Task
The whole listing, exactly as given: write it out, leaving out each image.

Given material
◆ ◆ ◆ ◆ ◆ ◆ ◆

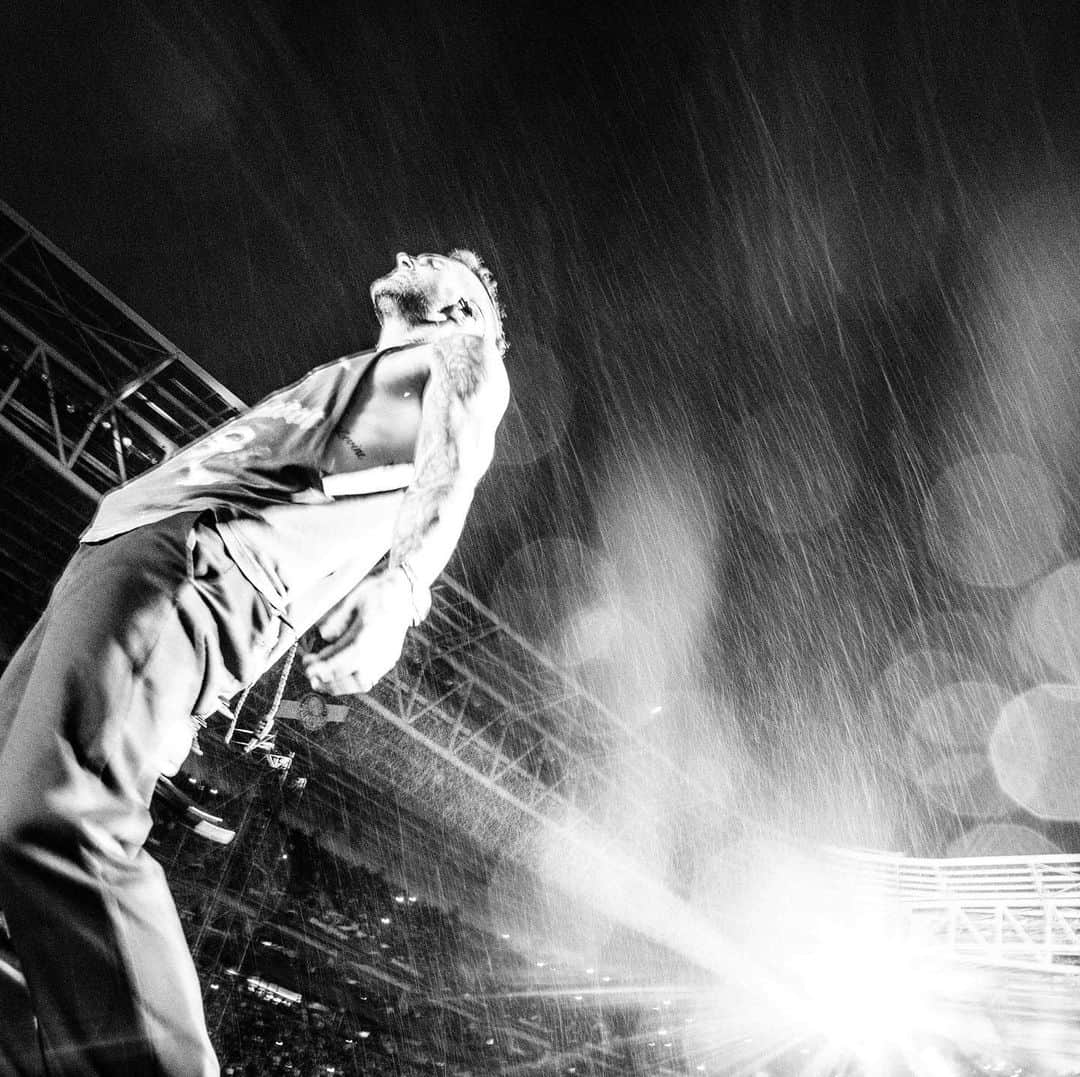 アダム・レヴィーンさんのインスタグラム写真 - (アダム・レヴィーンInstagram)「LET IT RAIN!!!! SÃO PAULO!!!!! The fucking BEST. Maybe the best show we have ever had. Thank you isn’t enough. You truly blew us away. ❤️❤️❤️ 👽👽👽」3月3日 6時40分 - adamlevine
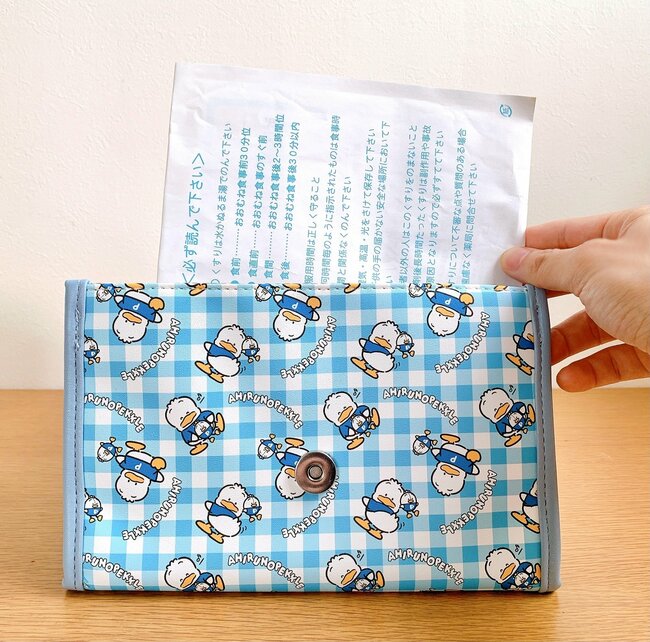 【しまむら】お薬手帳と診察券45枚がスッポリ！1089円の「ポケットたくさんケース」昭和レトロなデザインがたまらない！《購入レビュー》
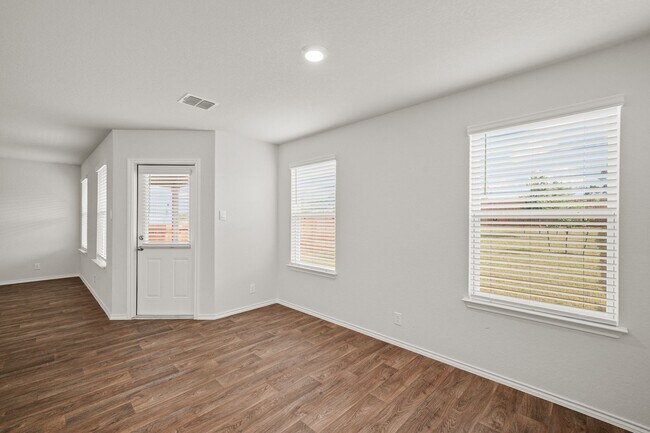 Building Photo - 5339 Trinity Run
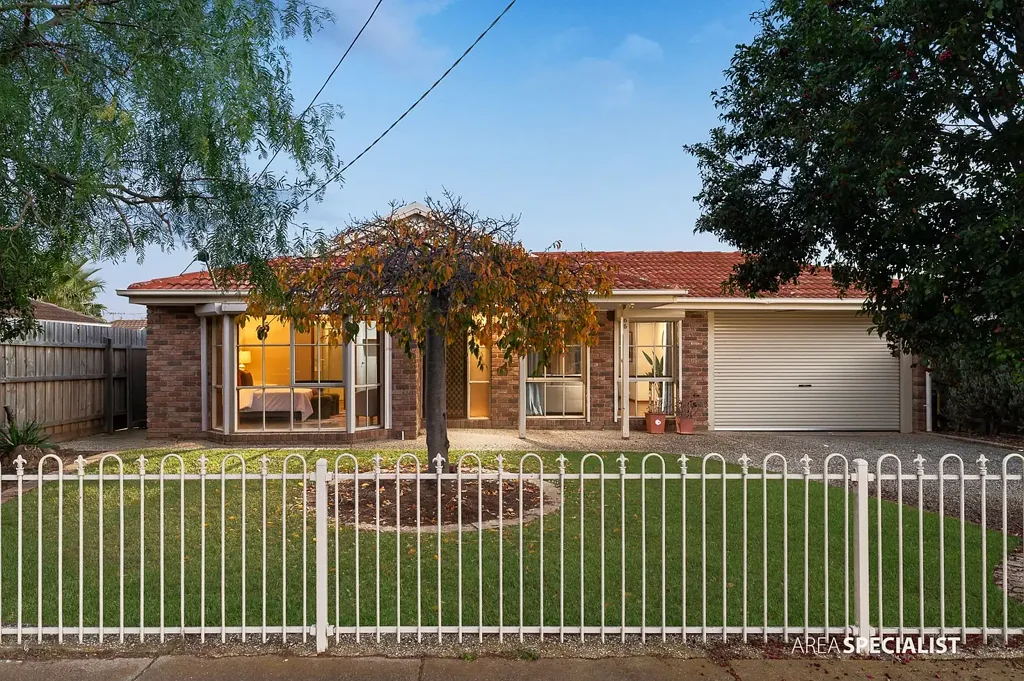 Werribee 4部屋 Listed AS -Park Facing Family Home in Central Werribee !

◆ ◆ ◆ ◆ ◆ ◆ ◆

Written response
 アダム・レヴィーンさんのインスタグラム写真 - (アダム・レヴィーンInstagram)「LET IT RAIN!!!! SÃO PAULO!!!!! The fucking BEST. Maybe the best show we have ever had. Thank you isn’t enough. You truly blew us away. ❤️❤️❤️ 👽👽👽」3月3日 6時40分 - adamlevine
 【しまむら】お薬手帳と診察券45枚がスッポリ！1089円の「ポケットたくさんケース」昭和レトロなデザインがたまらない！《購入レビュー》
 Building Photo - 5339 Trinity Run
 Werribee 4部屋 Listed AS -Park Facing Family Home in Central Werribee !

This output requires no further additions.